Ministerie van Binnenlandse Zaken en Koninkrijksrelaties

http://www.minbzk.nl

Onduidelijkheid in verkeers- en vervoersbeleid

Raad voor de financiële verhoudingen in advies aan de minister:

Onduidelijkheid in verkeers- en vervoersbeleid maakt slagen van regionaal beleid onzeker

De Raad voor de financiële verhoudingen vindt het onduidelijk of de 19 regio's in Nederland voldoende middelen van het rijk ontvangen om de kosten voor het verkeers- en vervoersbeleid te kunnen betalen. Ook niet duidelijk zijn de regels van het rijk over de vrijheid die de regio's krijgen om hun eigen beleid vorm te geven. Wel is de Raad voor de financiële verhoudingen het eens met het plan van het kabinet om geld voor verkeer en vervoer over te hevelen naar twaalf provincies en zeven grootstedelijke gebieden, de zogenaamde kaderwetgebieden. Dat plan mag doorgaan, maar dan moeten de regio's beter weten waar zij aan toe zijn. Dit schrijft de Raad in een brief aan de minister van Verkeer en Waterstaat.

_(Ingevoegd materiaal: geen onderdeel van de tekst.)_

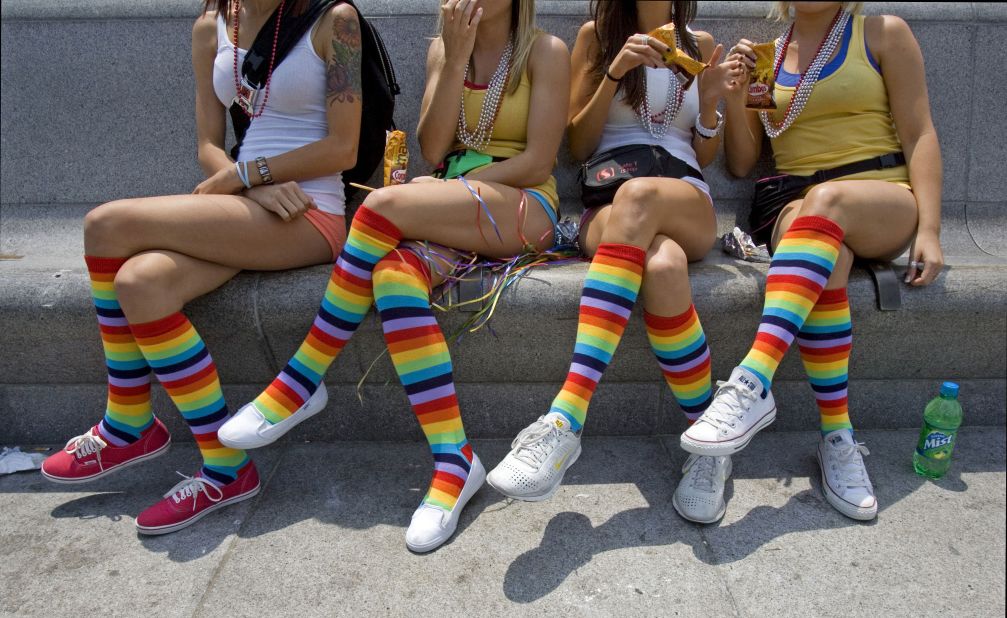 Girls attend a <a href="http://www.cnn.com/2012/05/28/travel/gay-pride-travel/index.html">gay pride celebration</a> in San Francisco on June 29, 2008. The colors of the rainbow flag are often used to represent LGBT identity and solidarity.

Op verzoek van de minister heeft de Raad voor de financiële verhoudingen een advies opgesteld over de verdeling van de middelen voor de zogenaamde Gebundelde Doel Uitkering, de GDU. Provincies en grootstedelijke gebieden krijgen een budget waaruit zij zelf verkeer en vervoersprojecten tot een maximum bedrag van 225 miljoen euro per project moeten betalen. Het budget dat voor alle betrokken 19 regio's tezamen in 2003 beschikbaar komt bedraagt voorlopig 332 miljoen euro. De provincies en kaderwetgebieden moeten dus lang sparen of lenen om ooit grote projecten rond het maximum vrij te besteden bedrag uit te kunnen voeren. De Raad constateert dat de beleidsvrijheid hierdoor wel eens geringer kan zijn dan de regeling veronderstelt. De regio's zullen het geld gaan gebruiken voor langlopende leningen en dat betekent dat het rijk voor een lange periode financiële zekerheid moet bieden. Die zekerheid is er nu niet.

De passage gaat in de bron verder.